Friedrich Burschel (Hg.)

Das Faschistische Jahrhundert

Neurechte Diskurse zu Abendland, Identität, Europa und Neoliberalismus
Cover: Das Faschistische Jahrhundert
Verbrecher Verlag, Berlin 2020
ISBN 9783957324542
Kartoniert, 250 Seiten, 19,00 EUR

Klappentext

Mussolinis Vorhersage eines Jahrhunderts des Faschismus von 1920 reicht bis heute, da weltweit völkische, nationalistische und in vielfacher Hinsicht faschistische Bewegungen auf dem Vormarsch sind, autoritäre Regime an der Macht oder an Regierungen beteiligt sind. Rechtes Denken und faschistische Ideologie sind heute wieder salonfähig und nennen sich "neu", auch wenn die Ideen dahinter steinalt sind und ihre Wurzeln tief ins 20. Jahrhundert hinunterreichen.
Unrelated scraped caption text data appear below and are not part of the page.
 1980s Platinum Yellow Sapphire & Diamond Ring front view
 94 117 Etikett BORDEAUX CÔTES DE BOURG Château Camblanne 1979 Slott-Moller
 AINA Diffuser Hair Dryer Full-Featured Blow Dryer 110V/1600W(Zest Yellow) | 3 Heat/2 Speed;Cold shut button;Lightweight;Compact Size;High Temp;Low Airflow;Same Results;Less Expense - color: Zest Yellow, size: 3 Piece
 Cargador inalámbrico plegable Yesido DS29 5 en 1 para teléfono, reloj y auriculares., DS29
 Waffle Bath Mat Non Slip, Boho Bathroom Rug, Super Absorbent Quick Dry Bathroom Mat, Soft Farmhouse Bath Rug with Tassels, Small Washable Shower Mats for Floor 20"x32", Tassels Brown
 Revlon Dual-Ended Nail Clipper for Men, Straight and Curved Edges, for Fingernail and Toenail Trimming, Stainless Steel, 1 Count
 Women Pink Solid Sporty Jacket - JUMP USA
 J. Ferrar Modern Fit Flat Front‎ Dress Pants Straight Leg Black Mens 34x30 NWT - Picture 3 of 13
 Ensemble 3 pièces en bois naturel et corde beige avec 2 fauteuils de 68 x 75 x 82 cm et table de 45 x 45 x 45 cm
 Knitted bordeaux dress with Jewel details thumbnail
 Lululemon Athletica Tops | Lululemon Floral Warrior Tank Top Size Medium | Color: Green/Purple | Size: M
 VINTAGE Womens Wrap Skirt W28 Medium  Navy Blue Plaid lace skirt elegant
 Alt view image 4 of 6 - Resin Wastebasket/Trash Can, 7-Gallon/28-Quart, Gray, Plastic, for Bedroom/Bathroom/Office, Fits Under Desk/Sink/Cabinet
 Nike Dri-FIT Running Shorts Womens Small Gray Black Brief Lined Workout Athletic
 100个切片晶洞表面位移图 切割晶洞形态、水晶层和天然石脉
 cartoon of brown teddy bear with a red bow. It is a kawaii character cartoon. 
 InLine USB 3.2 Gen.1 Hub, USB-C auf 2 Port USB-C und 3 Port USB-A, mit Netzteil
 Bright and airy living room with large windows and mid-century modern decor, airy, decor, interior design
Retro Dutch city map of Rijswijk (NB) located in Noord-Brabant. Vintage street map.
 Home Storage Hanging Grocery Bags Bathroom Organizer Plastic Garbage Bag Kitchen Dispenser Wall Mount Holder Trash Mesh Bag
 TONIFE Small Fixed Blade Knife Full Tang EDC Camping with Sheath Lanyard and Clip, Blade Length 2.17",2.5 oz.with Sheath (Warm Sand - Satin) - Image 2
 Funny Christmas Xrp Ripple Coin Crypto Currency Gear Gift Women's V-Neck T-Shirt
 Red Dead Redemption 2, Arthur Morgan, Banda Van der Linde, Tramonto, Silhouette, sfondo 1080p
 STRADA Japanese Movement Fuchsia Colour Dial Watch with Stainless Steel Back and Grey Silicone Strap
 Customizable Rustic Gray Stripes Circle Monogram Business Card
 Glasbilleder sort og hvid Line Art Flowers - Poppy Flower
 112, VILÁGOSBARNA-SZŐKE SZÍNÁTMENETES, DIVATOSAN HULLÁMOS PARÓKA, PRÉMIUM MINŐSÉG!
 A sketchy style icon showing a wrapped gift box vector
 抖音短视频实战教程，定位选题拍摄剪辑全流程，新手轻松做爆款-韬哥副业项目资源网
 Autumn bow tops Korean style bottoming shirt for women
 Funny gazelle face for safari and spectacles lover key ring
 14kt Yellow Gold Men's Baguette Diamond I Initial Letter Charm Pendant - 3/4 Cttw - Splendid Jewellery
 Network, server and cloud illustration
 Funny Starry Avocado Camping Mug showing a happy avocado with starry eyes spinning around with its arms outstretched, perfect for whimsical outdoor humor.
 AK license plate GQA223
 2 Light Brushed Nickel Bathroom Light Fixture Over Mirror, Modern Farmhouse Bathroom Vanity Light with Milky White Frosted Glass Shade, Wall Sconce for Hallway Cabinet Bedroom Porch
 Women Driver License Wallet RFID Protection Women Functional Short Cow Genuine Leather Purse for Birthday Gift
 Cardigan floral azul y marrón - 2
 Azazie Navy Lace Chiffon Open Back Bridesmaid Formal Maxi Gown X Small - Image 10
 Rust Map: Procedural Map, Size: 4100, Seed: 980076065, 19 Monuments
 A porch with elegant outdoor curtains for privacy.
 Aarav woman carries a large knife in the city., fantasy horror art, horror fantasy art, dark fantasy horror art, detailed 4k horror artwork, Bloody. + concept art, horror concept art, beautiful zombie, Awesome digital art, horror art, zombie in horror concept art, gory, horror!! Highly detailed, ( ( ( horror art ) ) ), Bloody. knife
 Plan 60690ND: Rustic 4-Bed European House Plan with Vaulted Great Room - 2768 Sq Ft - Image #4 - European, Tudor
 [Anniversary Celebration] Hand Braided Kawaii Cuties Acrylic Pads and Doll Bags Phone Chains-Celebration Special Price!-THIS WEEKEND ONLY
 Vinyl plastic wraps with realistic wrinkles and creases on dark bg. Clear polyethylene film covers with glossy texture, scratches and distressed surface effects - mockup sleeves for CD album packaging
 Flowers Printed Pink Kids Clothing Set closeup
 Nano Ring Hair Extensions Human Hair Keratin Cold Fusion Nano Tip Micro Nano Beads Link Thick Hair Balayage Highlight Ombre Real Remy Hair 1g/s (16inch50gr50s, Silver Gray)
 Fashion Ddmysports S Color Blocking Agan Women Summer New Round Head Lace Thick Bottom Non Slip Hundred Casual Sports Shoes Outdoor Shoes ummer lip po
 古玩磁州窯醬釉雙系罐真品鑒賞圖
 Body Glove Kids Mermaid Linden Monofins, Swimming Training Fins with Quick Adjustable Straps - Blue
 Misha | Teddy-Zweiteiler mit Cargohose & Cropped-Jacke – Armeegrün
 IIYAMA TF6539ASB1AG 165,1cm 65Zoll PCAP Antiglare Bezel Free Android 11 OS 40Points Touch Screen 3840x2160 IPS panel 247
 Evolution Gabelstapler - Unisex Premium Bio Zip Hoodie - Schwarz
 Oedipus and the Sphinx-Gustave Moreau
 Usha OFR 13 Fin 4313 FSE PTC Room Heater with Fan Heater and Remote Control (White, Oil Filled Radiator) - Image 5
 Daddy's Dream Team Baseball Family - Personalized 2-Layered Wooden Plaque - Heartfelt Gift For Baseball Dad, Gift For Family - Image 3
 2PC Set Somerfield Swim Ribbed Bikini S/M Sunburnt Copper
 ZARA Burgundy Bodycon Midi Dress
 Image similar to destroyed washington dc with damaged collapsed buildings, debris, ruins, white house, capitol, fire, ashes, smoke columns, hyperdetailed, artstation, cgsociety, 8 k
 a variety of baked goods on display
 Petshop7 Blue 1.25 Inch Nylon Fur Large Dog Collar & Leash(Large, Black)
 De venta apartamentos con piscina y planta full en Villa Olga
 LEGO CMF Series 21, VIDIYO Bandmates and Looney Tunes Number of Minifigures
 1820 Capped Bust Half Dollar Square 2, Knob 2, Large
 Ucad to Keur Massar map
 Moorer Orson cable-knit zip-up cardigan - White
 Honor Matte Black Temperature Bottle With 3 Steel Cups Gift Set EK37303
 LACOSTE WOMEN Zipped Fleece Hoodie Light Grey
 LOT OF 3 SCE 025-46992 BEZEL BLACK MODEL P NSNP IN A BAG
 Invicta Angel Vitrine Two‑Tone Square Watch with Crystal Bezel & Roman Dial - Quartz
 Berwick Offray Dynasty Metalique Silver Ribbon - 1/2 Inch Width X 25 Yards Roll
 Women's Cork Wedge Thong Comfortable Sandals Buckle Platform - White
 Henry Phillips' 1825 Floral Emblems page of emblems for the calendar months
In ihren Beiträgen klopfen die Autor*innen dieses Bandes, Julian Bruns, Felix Korsch, Felix Schilk, Natascha Strobl und Volkmar Wölk, die aufgeladenen Begriffe "Abendland", "Europa", "Liberalismus" und "Identität" auf ihre Herkunft und Entwicklung und daraufhin ab, welche Bedeutung sie heute für eine Neue Rechte haben, die sich unter anderem auf die sogenannte Konservative Revolution und den Faschismus der 1920er Jahre beruft. Zu hören ist dabei der Widerhall von Krieg, Gewalt und Terrorismus. Das titelgebende Mussolini-Zitat ist Gegenstand des Beitrages des großen britischen Faschismusforschers Roger Griffin in diesem Buch.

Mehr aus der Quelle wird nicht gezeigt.